----- Data for analysis -----
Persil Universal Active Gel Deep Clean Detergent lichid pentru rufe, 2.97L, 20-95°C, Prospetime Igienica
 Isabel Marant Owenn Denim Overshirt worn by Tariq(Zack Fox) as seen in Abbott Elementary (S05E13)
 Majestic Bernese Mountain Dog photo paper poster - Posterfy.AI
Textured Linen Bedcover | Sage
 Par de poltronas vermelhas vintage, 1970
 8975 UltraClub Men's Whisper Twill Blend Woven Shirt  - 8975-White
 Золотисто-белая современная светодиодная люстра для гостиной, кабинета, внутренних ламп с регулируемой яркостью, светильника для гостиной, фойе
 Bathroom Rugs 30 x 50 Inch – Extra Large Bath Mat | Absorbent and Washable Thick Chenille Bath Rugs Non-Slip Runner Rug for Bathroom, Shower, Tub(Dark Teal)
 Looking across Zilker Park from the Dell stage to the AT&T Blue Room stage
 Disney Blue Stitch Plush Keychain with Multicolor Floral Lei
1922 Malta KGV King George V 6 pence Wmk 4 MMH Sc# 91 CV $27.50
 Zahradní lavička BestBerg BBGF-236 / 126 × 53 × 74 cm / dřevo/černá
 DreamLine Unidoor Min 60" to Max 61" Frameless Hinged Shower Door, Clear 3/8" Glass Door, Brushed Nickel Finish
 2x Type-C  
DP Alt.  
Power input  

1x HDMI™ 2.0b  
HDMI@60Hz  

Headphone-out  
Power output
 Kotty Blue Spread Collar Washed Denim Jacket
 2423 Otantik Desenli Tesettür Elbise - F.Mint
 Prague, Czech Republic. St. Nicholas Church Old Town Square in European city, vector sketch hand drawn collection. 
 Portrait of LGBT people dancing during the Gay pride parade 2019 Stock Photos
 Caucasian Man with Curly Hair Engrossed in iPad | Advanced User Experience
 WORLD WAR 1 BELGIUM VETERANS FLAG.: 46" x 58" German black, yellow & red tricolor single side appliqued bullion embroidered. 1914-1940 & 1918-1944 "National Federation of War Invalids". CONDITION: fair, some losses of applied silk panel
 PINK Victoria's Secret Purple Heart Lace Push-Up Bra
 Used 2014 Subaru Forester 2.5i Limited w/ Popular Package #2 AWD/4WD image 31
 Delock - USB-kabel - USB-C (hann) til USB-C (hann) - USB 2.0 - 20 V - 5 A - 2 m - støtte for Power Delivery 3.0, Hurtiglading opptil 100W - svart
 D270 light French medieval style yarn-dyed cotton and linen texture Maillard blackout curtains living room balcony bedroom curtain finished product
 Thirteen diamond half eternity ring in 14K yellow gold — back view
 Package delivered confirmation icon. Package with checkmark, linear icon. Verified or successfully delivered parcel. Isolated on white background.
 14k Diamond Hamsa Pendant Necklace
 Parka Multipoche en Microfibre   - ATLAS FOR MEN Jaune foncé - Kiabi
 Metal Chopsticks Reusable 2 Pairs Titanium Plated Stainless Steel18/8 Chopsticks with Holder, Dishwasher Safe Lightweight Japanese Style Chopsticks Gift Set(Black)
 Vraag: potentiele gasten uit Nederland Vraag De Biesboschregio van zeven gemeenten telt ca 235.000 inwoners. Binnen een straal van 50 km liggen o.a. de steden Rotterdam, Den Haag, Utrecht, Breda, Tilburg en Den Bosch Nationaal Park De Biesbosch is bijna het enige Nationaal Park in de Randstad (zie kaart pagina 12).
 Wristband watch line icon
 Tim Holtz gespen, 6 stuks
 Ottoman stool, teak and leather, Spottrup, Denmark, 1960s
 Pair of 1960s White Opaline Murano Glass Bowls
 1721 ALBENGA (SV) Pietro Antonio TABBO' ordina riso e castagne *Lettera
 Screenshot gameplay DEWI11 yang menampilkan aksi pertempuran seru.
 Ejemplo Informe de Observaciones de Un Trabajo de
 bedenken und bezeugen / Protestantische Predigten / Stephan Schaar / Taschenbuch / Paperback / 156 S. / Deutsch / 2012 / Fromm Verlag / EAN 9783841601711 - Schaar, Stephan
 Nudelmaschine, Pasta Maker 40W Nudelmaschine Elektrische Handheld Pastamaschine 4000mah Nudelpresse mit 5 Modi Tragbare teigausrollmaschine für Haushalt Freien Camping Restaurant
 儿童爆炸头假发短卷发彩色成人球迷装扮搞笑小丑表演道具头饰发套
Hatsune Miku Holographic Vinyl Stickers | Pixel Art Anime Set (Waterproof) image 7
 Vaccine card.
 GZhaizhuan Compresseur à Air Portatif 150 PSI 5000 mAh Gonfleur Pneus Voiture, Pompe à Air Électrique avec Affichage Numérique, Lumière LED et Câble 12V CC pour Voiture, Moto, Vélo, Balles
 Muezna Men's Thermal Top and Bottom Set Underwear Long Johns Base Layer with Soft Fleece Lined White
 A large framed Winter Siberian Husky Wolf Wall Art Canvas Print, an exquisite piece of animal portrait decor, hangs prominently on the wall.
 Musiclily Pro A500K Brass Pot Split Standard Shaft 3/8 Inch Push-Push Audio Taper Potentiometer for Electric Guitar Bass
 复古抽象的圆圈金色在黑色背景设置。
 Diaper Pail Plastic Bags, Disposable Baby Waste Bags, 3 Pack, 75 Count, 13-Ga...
-----
*What is required*
In the listing above, find the line with "Par de poltronas vermelhas vintage, 1970" and the line with "Looking across Zilker", then print exactly those two lines and every line between them, and nothing more.

*Task solution*
 Par de poltronas vermelhas vintage, 1970
 8975 UltraClub Men's Whisper Twill Blend Woven Shirt  - 8975-White
 Золотисто-белая современная светодиодная люстра для гостиной, кабинета, внутренних ламп с регулируемой яркостью, светильника для гостиной, фойе
 Bathroom Rugs 30 x 50 Inch – Extra Large Bath Mat | Absorbent and Washable Thick Chenille Bath Rugs Non-Slip Runner Rug for Bathroom, Shower, Tub(Dark Teal)
 Looking across Zilker Park from the Dell stage to the AT&T Blue Room stage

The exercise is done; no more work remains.